Nous arrivons au terme d'un cycle d'investissements et, à mon sens, les coûts réels de l'électricité doivent être analysés avec ce recul historique. La question de la concurrence - fait-elle croître ou baisser les prix ? - doit toujours être posée à travers ce prisme.
Comment limiter la hausse des coûts réels de l'électricité - c'est tout de même la perspective qui nous attend -, que cette augmentation soit provoquée par les enjeux relatifs au nucléaire, à l'intermittence et donc aux nouveaux moyens, aux investissements dans le renouvelable ou à la modernisation du mix thermique ? L'ensemble de ces facteurs va conduire à une hausse des coûts.
En outre, il est indispensable de partager les investissements entre acteurs. C'est également une raison pour laquelle il faut plusieurs opérateurs par pays, de même que les opérateurs pétroliers n'investissent pas seuls dans de grandes plates-formes offshore : du reste, on le constate, lorsque survient un incident sur une plate-forme, on est content de partager la responsabilité. On partage les risques ! Voilà pourquoi les mécanismes d'assurance que nous avons évoqués et d'investissements communs de copropriété sont absolument indispensables.
Un autre aspect de la concurrence, distinct des prix et qui est indispensable, c'est l'innovation, l'émulation : je le mentionne, aucun acteur historique français n'avait songé à convertir une tranche thermique en tranche « biomasse ». Il a fallu qu'un acteur européen arrive et s'interroge : « Pourquoi ne le ferait-on pas ? » Pourquoi pas, étant donné que l'on dispose d'un lit fluidisé en Suède de 100 mégawatts ? On sait donc que c'est possible ! Ce faisant, on rapproche des idées. Cela ne signifie pas qu'un opérateur est nécessairement meilleur qu'un autre, mais que nous avons des expériences différentes.

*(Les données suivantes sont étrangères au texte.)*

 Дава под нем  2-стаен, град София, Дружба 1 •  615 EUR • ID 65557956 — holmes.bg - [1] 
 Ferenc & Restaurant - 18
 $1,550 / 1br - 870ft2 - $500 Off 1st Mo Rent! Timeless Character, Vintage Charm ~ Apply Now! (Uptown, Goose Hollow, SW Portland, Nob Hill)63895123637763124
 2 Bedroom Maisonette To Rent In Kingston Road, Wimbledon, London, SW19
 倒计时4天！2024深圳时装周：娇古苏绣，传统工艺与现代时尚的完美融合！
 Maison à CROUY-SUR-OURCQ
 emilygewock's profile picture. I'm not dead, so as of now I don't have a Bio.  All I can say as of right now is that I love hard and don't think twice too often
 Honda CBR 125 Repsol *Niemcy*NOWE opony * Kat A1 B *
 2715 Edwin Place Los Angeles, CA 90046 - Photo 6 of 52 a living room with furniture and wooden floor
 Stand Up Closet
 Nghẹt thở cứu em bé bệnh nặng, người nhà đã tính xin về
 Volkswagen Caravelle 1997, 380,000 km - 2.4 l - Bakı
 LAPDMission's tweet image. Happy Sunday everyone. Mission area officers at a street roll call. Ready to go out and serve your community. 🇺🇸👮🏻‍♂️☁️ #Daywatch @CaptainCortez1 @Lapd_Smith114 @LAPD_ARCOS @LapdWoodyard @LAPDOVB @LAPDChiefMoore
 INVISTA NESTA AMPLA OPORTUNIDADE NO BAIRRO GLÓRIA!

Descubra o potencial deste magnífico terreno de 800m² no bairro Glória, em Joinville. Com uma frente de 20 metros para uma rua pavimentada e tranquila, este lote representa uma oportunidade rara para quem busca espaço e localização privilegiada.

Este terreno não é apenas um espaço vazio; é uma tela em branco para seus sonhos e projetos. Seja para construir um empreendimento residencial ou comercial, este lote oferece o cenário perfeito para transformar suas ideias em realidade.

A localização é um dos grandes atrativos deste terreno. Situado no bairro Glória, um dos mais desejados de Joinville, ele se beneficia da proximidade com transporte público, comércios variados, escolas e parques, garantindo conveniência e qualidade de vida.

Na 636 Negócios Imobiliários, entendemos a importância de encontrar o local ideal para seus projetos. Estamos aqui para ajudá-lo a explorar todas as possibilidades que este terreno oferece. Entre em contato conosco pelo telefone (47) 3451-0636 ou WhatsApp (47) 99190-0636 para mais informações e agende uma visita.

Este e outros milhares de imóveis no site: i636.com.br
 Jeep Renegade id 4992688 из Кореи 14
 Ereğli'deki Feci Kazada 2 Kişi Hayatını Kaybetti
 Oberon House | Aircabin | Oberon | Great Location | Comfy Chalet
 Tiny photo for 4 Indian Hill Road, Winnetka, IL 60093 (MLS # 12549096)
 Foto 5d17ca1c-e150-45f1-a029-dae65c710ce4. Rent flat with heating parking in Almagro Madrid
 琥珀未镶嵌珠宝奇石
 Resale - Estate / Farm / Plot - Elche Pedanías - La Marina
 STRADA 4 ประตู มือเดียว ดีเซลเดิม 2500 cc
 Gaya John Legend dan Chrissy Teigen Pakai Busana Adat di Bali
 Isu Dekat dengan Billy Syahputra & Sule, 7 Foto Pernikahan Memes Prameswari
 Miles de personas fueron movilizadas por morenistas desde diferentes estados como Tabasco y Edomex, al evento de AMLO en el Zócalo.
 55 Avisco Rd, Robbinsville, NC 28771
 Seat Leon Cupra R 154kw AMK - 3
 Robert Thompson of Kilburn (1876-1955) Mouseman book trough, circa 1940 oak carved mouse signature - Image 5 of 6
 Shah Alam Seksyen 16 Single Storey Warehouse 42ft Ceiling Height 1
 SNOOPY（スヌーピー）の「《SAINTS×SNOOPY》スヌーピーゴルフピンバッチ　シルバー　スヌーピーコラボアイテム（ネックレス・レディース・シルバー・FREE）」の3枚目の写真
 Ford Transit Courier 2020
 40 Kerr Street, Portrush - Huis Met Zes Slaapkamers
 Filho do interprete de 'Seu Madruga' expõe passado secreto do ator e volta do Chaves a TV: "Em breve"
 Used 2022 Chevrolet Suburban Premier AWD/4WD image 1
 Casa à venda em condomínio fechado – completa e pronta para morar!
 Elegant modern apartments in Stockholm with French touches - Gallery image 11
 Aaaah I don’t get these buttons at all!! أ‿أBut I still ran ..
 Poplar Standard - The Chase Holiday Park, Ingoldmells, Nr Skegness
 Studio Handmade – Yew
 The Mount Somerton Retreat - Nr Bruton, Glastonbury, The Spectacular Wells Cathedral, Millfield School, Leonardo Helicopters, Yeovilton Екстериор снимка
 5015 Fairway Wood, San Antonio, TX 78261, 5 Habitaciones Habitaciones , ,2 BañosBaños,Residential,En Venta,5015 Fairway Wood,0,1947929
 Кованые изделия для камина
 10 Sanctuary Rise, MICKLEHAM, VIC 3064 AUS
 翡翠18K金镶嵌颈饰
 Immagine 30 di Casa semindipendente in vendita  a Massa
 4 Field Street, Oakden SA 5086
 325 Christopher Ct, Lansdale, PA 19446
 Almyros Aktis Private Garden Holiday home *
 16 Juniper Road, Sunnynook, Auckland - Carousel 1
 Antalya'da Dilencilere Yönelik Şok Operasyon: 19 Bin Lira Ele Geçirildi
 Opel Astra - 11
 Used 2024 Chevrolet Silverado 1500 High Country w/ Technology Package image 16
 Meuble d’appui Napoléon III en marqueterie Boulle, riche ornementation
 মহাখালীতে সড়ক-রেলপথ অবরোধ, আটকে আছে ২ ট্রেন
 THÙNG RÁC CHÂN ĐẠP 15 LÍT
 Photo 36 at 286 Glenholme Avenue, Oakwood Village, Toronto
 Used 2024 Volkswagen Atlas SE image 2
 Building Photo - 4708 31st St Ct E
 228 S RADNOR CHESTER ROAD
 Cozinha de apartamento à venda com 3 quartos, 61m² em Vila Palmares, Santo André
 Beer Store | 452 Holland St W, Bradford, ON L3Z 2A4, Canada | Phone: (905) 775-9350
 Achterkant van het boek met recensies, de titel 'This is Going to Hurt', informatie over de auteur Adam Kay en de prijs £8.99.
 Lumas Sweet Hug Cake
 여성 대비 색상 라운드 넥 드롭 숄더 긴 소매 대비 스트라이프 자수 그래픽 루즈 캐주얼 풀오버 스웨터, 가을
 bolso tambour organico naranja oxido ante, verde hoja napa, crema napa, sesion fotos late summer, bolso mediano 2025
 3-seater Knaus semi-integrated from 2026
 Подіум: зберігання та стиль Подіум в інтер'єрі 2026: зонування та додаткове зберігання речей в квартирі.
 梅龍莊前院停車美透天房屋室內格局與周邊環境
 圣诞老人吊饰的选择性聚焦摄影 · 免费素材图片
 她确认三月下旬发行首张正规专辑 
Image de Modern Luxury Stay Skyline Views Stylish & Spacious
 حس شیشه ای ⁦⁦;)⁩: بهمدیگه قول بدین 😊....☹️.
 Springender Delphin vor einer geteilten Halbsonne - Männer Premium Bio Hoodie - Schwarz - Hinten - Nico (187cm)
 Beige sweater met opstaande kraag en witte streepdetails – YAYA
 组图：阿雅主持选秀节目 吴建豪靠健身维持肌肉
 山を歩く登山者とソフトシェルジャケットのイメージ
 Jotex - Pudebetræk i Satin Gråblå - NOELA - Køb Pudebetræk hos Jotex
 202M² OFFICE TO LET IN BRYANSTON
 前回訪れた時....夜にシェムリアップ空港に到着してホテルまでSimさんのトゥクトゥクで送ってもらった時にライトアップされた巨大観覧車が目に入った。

Selon nous, cette question est également vitale : pour ce qui me concerne, je vais devoir prendre des décisions majeures sur les plans social et industriel au cours des mois et des années à venir. Mes arbitrages dépendront largement des positions adoptées par les pouvoirs publics, de cette fameuse politique énergétique française qui, jusqu'à présent, est restée assez cohérente dans la durée. Pourvu que cette constance perdure !
À mon sens, trois mesures importantes doivent être adoptées au cours des mois à venir.
Premièrement, il faut assurer la mise en oeuvre de la loi NOME, avec, ce qui a été souligné, un dispositif conduisant vers davantage de concurrence. Cela signifie la fin des tarifs jaune et vert et l'additionnalité des coûts permettant d'aboutir à la vérité des prix et des tarifs. Cela signifie la mise en oeuvre du marché de capacité, avec un bon market design, critère indispensable pour que soient réalisés les investissements à l'hiver 2015-2016.
Deuxièmement, au fil des années, les acteurs publics devront tenir leurs engagements quant à l'ouverture du marché en matière d'hydroélectricité. Ils devront encourager les énergies renouvelables créatrices d'emplois, comme la biomasse.
Troisièmement, et enfin, dans un cadre européen, il faut tout faire pour que le marché du CO2 « reprenne du poil de la bête », en envoyant de nouveau les bons signaux de prix : à ce jour, ce marché s'est effondré, il n'a plus la moindre visibilité. Or, ce critère est fondamental pour prendre les décisions d'investissement.